Baxter viajará a Japón para devolver la pelota. Acaso esa cita ya estaba prevista. Un balón existe para entrar en una portería. Las cosas presuponen su efecto. De acuerdo con la fábula china, el batir de las alas de una mariposa puede cambiar la vida al otro lado del mar. Todo movimiento, por tenue que sea, tiene consecuencias.

La posibilidad última de una cosa siempre es mágica, puede alterar la realidad en forma inexplicable. Esto no significa que se aparte de la lógica. "La magia es la coronación o pesadilla de lo causal", escribe Borges.

El balón japonés tiene la rara condición de la magia. 19 mil personas murieron con el terremoto y el tsunami en el país mejor preparado para resistir ese cataclismo.
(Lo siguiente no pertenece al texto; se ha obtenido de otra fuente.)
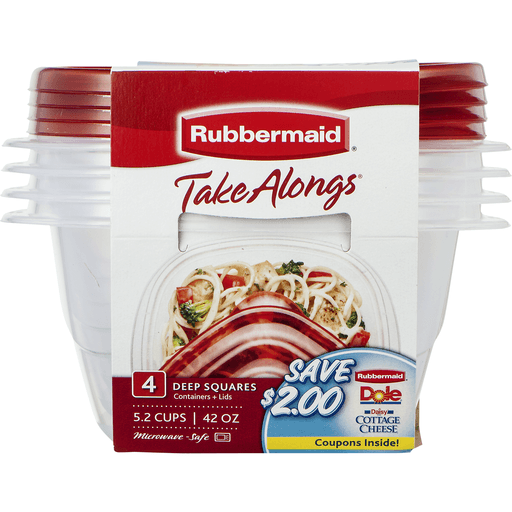slide 9 of 9, Rubbermaid Takealongs Food Storage Containers with Easyfind Lids Clear, 4 ct; 42 oz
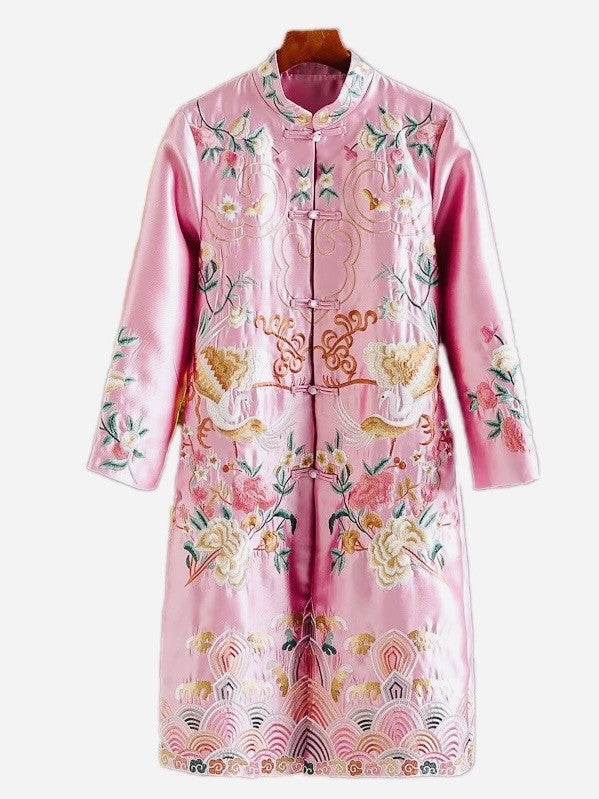 Birds Embroidered Qipao Dress - Dress Album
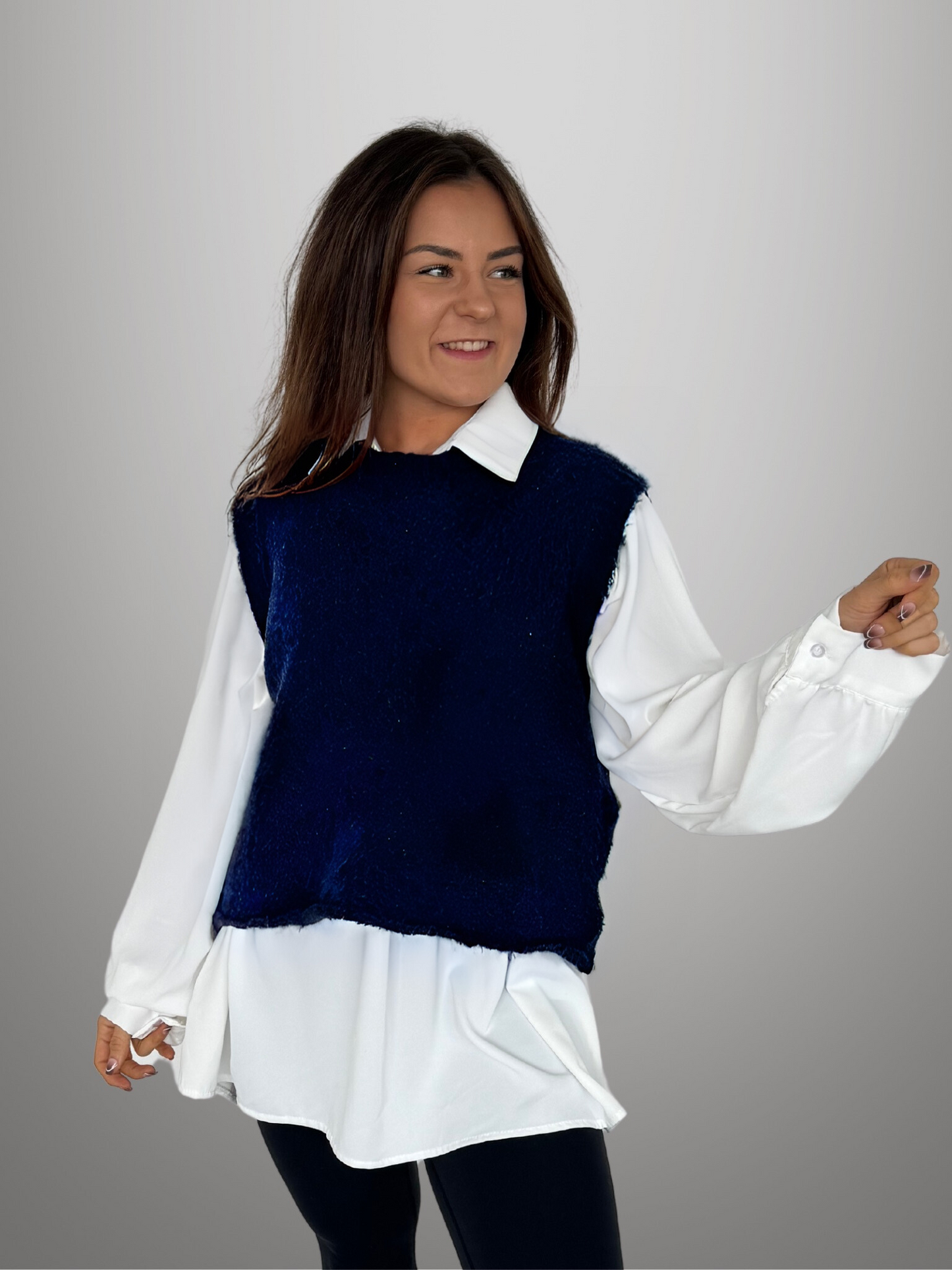 Pull sans manches marine - 1172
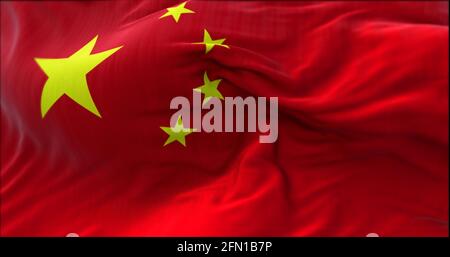 Nahaufnahme der Nationalflagge der Volksrepublik China, die im Wind winkt. Selektiver Fokus. Stockfoto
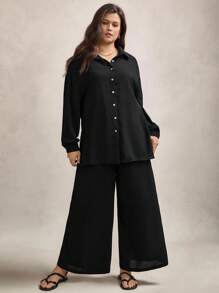 Zelara Plus Drop Shoulder Solid Shirt & Trousers Set - Black - View 4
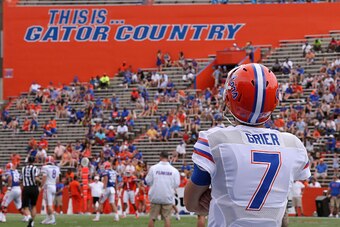 GAINESVILLE, FL - APRIL 11:  Florida Gators quarterback Will Grier #7 looks on during the spring football game on April 11, 2015 in Gainesville, Florida.  (Photo by Rob Foldy/Getty Images)
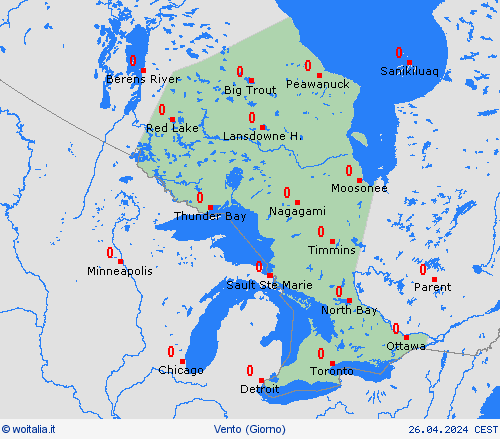 vento Ontario America del Nord Carte di previsione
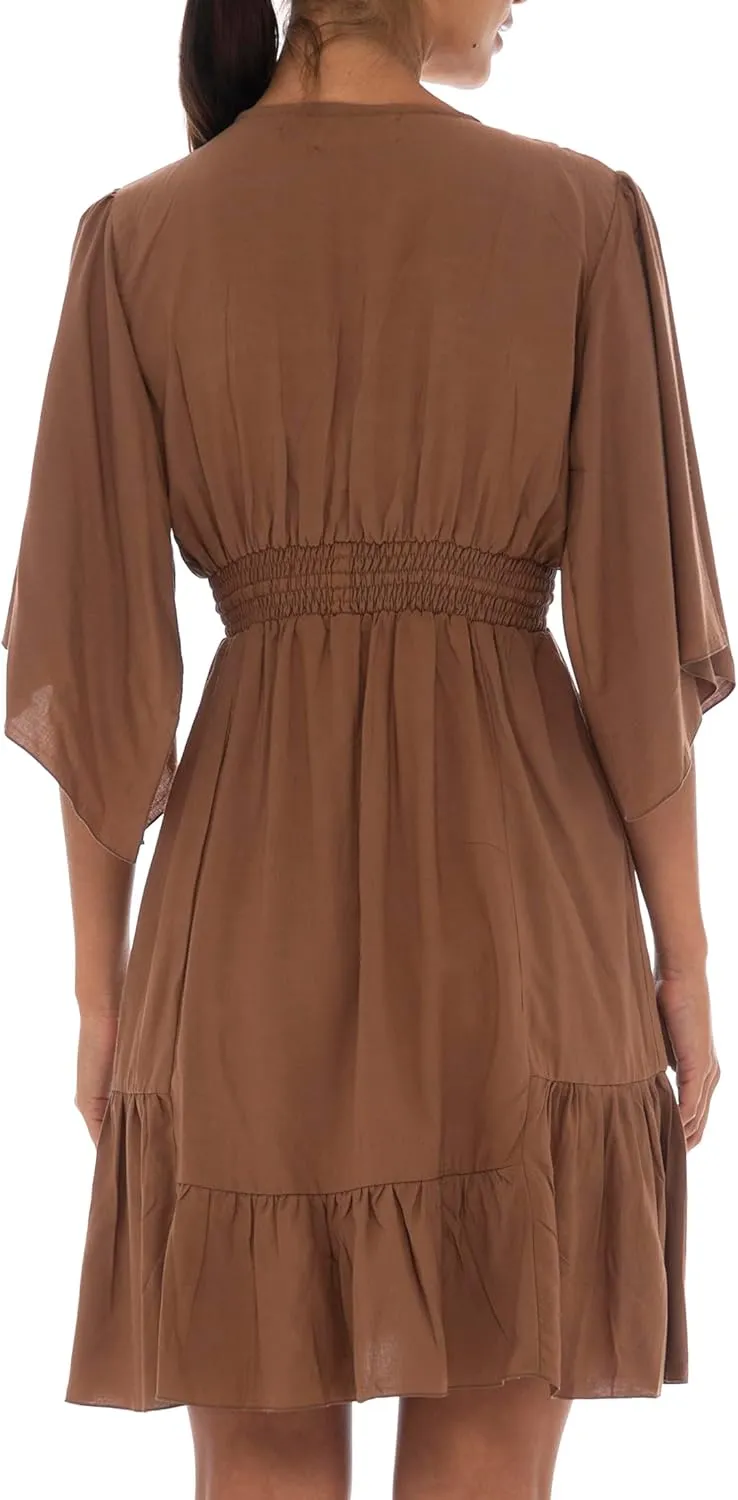Back From Bali Womens Short Sundress Flowy Boho Beach Dress with Beaded Deep V Neck, Casual Sexy Summer Party Dress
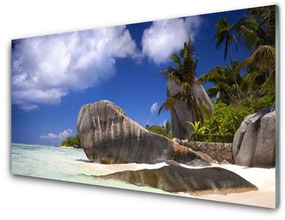 Nástenný panel  Skaly pláž príroda 100x50 cm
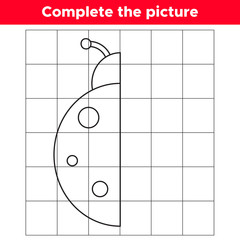 Complete the picture cartoon ladybug. Copy the picture. Educational game for children. Coloring book. Vector illustration.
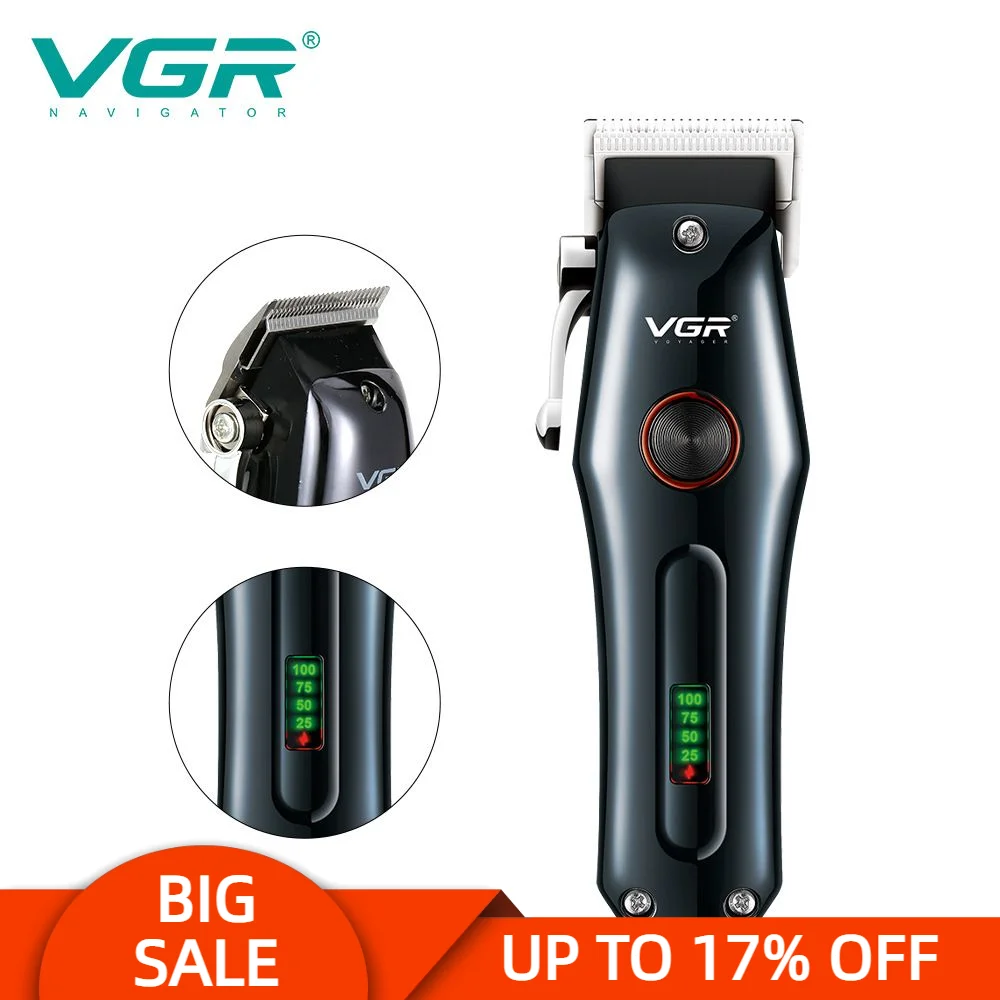 VGR V-969 Hair Clipper Professional Rechargeable Personal Care Electric Trimmer USB LED Screen Washable Reduction Barber VGR 969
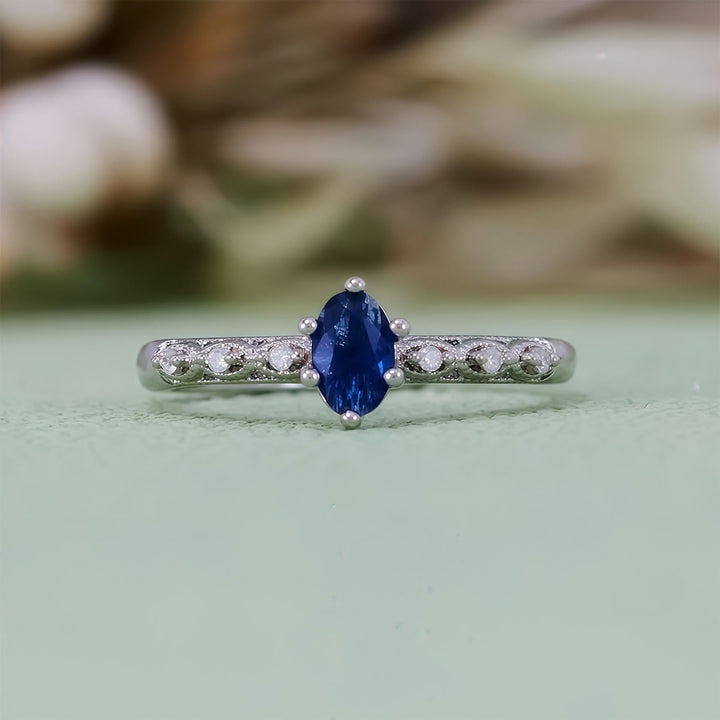 Olivenorma Retro Exquisite Oval Cut Sapphire Ring - Sapphire - image 0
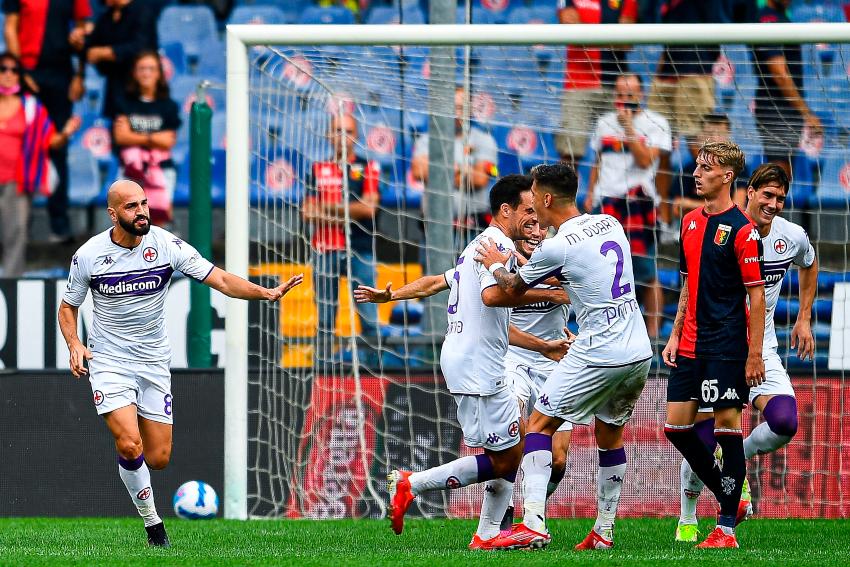 Jugadores de la Fiorentina festejando un gol a favor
Una vez más, la naturaleza volvió a ser un límite infranqueable. Y sin embargo, el balón salió a flote como un anticipo de las cosas que vendrán en los próximos cinco años.

En algún momento el planeta se diluirá en polvo y materia desecha. Pero hay algo que ignora la naturaleza, esa señora impositiva. No todo es tangible: las cosas también son símbolos. Así lo entendieron el fabulador chino que decretó que todo está en todo, el creador de una esfera que bota para producir ilusiones, los niños que la firmaron para convertirla en almacén de la memoria, el adolescente que perdió su casa pero no los recuerdos de lo que ahí existía, el controlador de radares que recoge señas venidas de muy lejos.

El balón regresará a Japón. Es posible que su viaje no termine ahí. Quizá aún tenga una cita pendiente.

Los estadios existen para jugar a la magia. El mundo, para vivirla.